The approach taken by the Belgium power industry to handle any potential power shortages this winter could pose some interesting challenges and solutions when looking forward to the country’s nuclear phase-out plan.

The draft bill for Belgium to become a nuclear-free country, known as the Energy Pact, was announced in December 2017. In October 2018, the government confirmed its commitment to the pledge as long as alternative sources are found to meet demand in the next seven or so years. It’s no small feat, as the seven nuclear reactors contribute around 6GW of energy capacity, which would need to be replaced.

The solution could be simpler than replacing the huge amount of capacity supplied by the nuclear plants. If the whole population, both businesses and residents, can reduce its energy consumption, then there will be less of a strain on energy companies to meet demand.

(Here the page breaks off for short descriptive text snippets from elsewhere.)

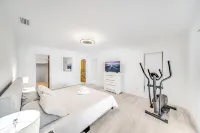 Heated Pool & Waterfront! Kayaks + Pool Table!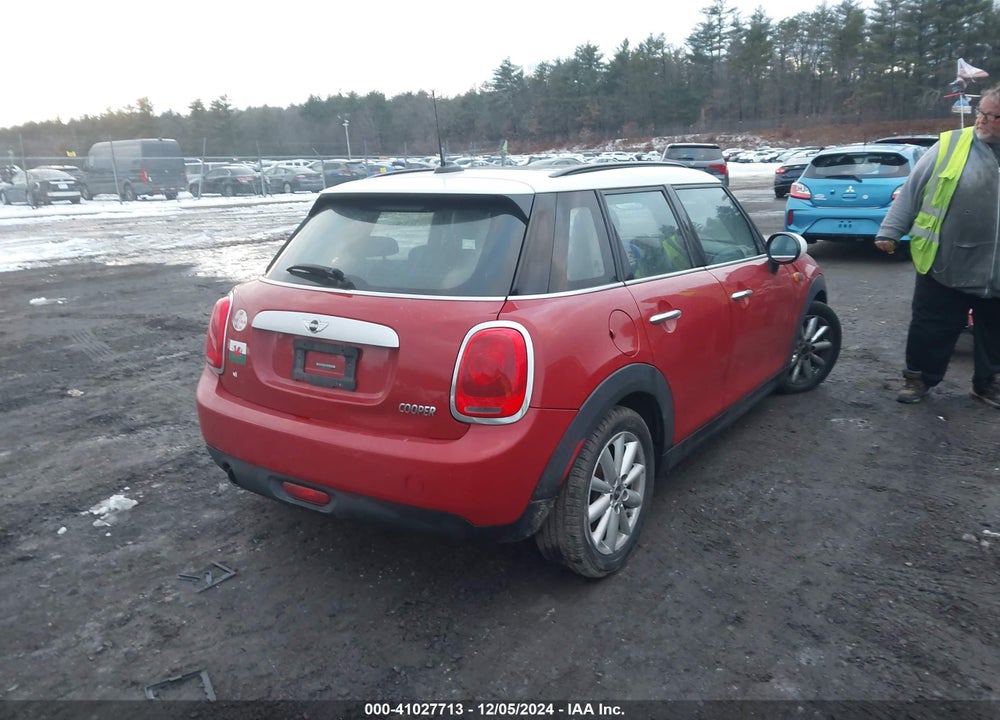 2015 MINI HARDTOP COOPER VIN: WMWXS5C55FT832127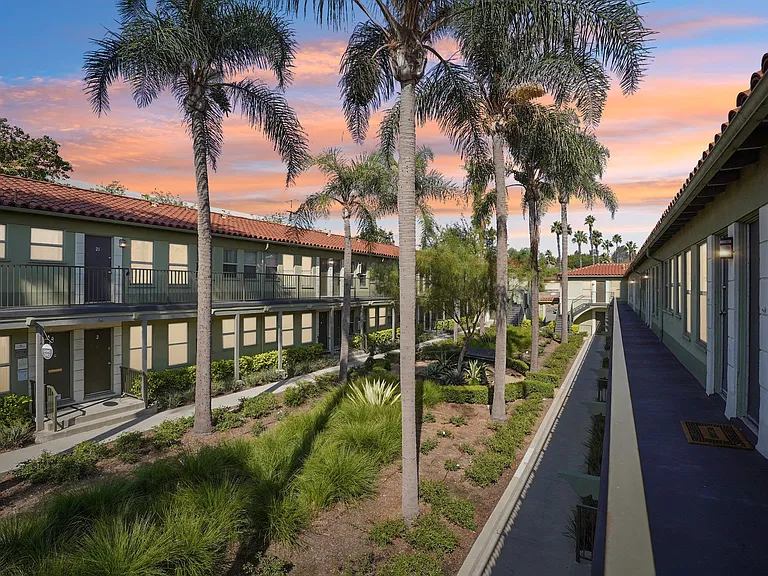 Ladera Apartments — Photo 37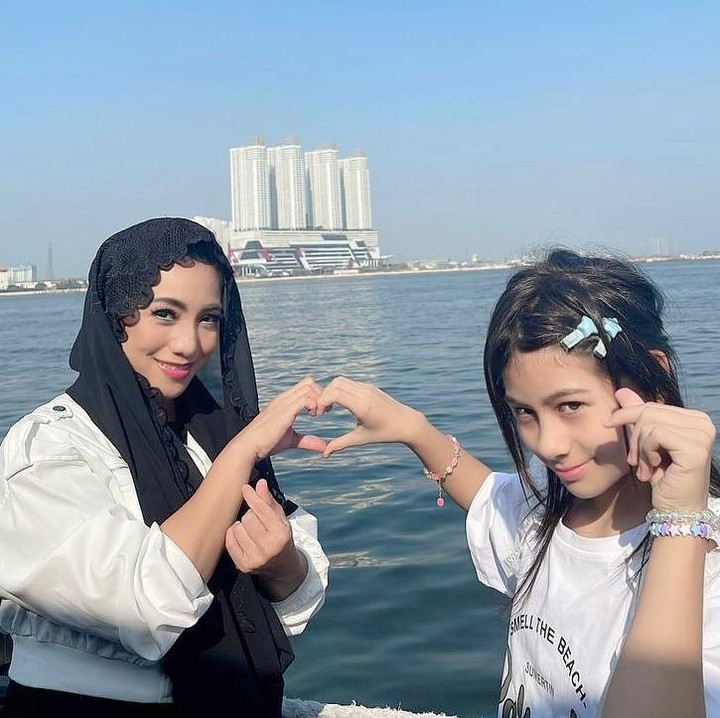 <p>Melihat dari laman Instagram-nya, Siti kerap mengunggah momen dengan sang putri. Keduanya sering menghabiskan waktu bersama termasuk berlibur. (Foto: Instagram: @siti_perk)</p>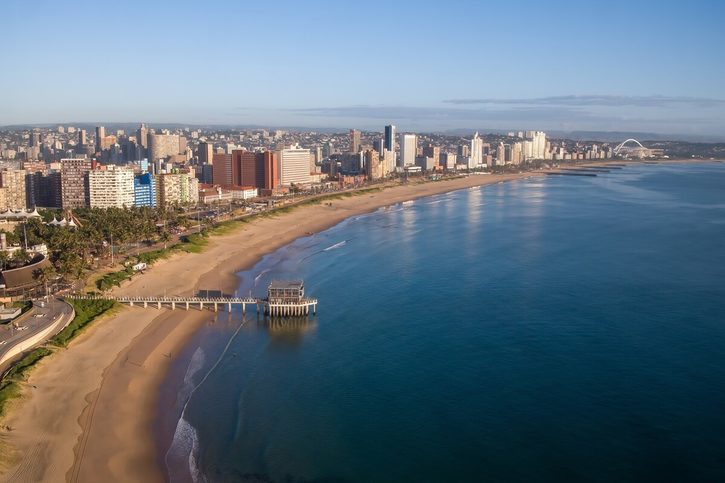 Durban – letecký pohľad na pláž, mólo a panorámu hotelov.
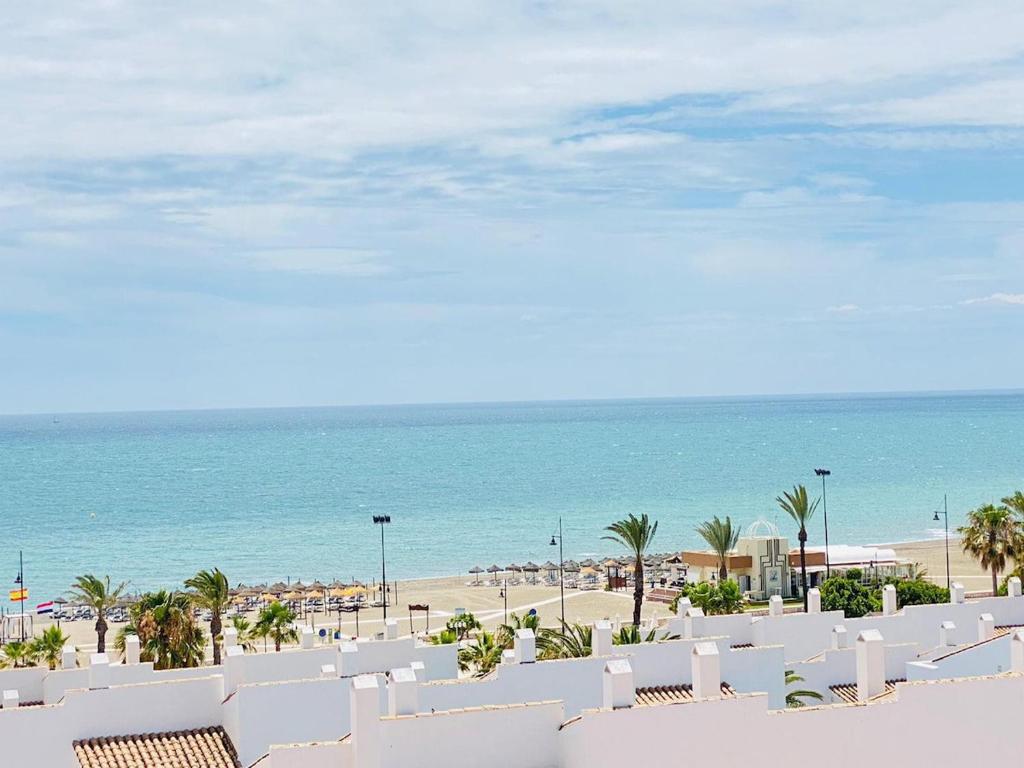 Soleado apartamento reformado 2 hab. en Playamar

Smeets says: “The big question is how will Belgium cope if that [2025] decision stands? I think we should really think about how to be as efficient as possible. Energy efficiency is really important.

“If we all consume less electricity there wouldn’t be the need to produce more and more. There wouldn’t be the need to replace all capacities, so I think we should really look into that and try to work on that because there is a lot of opportunity for everyone.”

Interestingly, large swathes of power consumption in Belgium are used for powering its old, energy inefficient buildings, according to Engie Electrabel.

“We can help people, firms, and authorities to help make their buildings more energy efficient and consume less energy. I think there is a lot of opportunity there,” says Smeets.

“There are a lot of old buildings in Belgium and I think around 40% of energy consumption in Belgium goes into powering buildings – not industry, but buildings. If we could reduce the electricity consumption in buildings that would get us somewhere.”

Looking forward, Engie also plans to invest more in its renewables business, such as wind power.

“We have a lot of wind turbines and we are definitely looking further into expanding that and biogas, hydraulic power stations, etc. We think that is the future. So we are really trying to work on and expand that side of our services,” adds Smeets.

Whether it be through installing additional renewables capacity, encouraging citizens to reduce their electricity consumption, updating buildings to become more energy efficient, or a combination of all these strategies, it will nonetheless be a tough test for Belgium to reach its goal of a nuclear phase-out.

For the next few months, at least, the country may well have to rely on the infrastructure of its neighbours to add that extra power capacity in times of high electricity demand.